Segment Start: Data provided

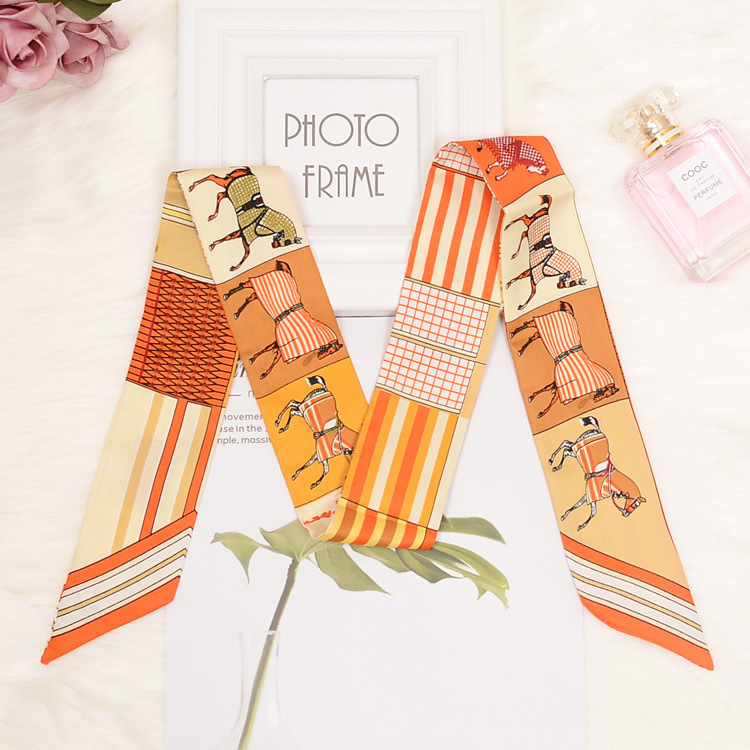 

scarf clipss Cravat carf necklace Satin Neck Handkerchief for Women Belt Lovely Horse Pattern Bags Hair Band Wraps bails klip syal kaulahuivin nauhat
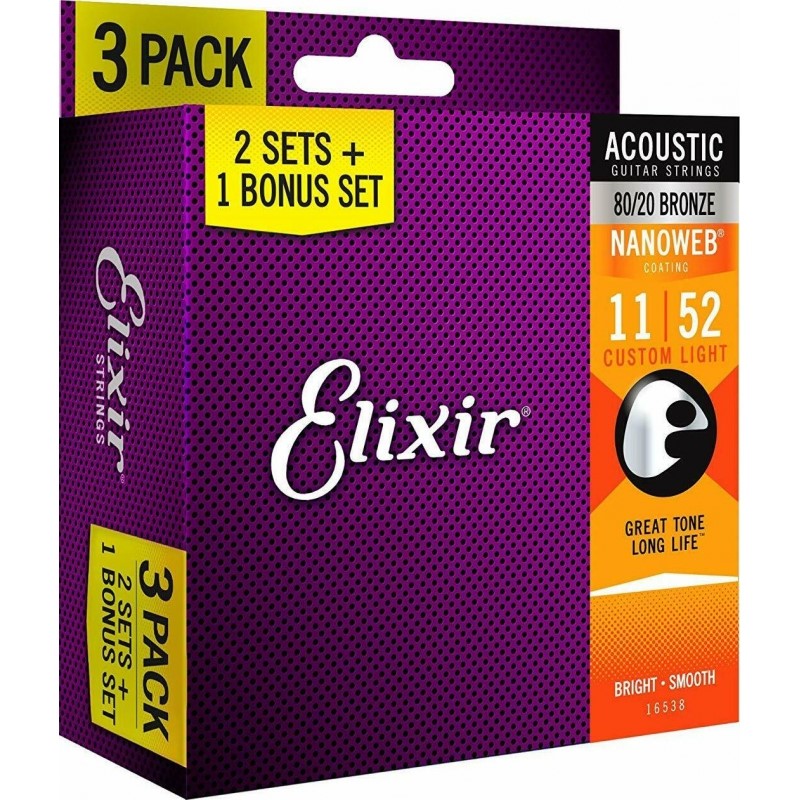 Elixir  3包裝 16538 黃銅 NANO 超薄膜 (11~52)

Segment End: Data provided
Segment Start: Data provided

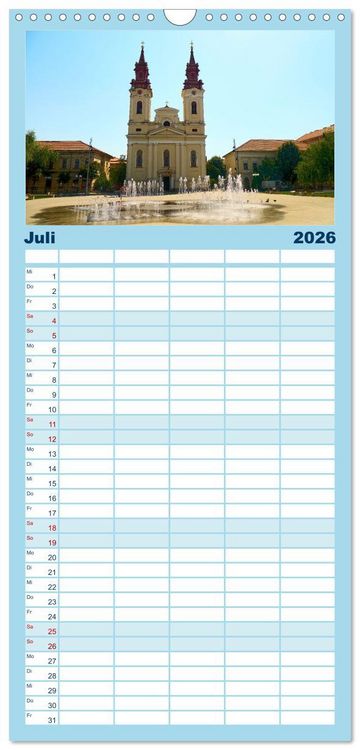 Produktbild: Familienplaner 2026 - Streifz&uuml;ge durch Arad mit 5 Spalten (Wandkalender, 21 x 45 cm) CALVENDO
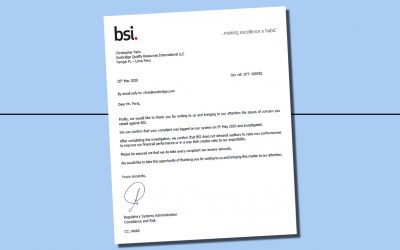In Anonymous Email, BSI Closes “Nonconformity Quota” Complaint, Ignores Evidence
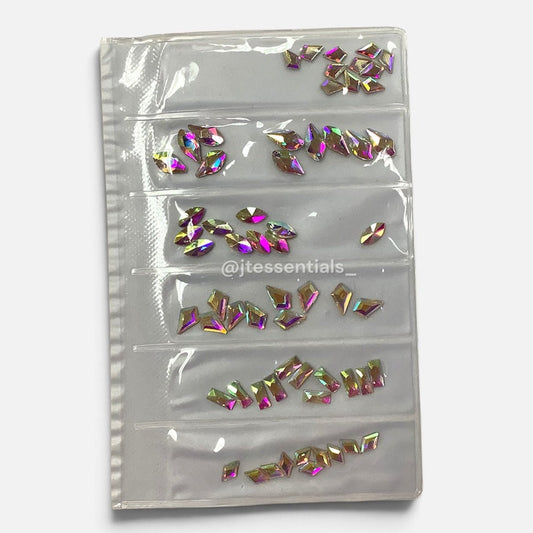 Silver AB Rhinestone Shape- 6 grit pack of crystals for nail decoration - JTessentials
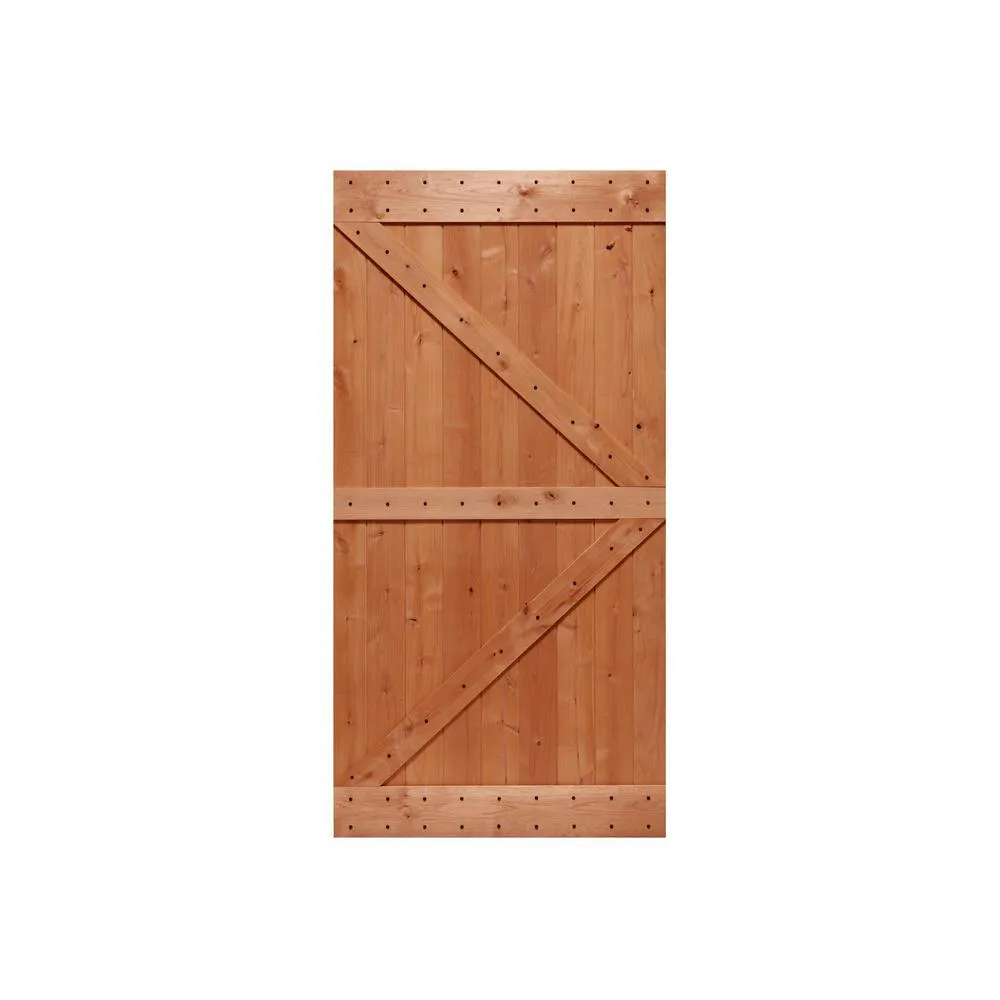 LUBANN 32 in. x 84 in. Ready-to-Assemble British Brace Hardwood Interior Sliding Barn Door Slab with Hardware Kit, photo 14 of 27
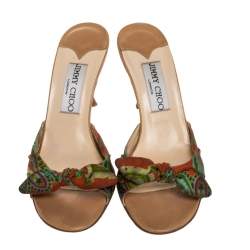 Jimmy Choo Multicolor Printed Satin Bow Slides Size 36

Segment End: Data provided

▸ Task prompt: Copy everything above from the line holding "Produktbild: Familienplaner 2026" down to the line holding "Jimmy Choo Multicolor", both ends included, exactly as it stands and without the pictures.

▸ Result for this exercise:
 Produktbild: Familienplaner 2026 - Streifz&uuml;ge durch Arad mit 5 Spalten (Wandkalender, 21 x 45 cm) CALVENDO
In Anonymous Email, BSI Closes “Nonconformity Quota” Complaint, Ignores Evidence
 Silver AB Rhinestone Shape- 6 grit pack of crystals for nail decoration - JTessentials
 LUBANN 32 in. x 84 in. Ready-to-Assemble British Brace Hardwood Interior Sliding Barn Door Slab with Hardware Kit, photo 14 of 27
 Jimmy Choo Multicolor Printed Satin Bow Slides Size 36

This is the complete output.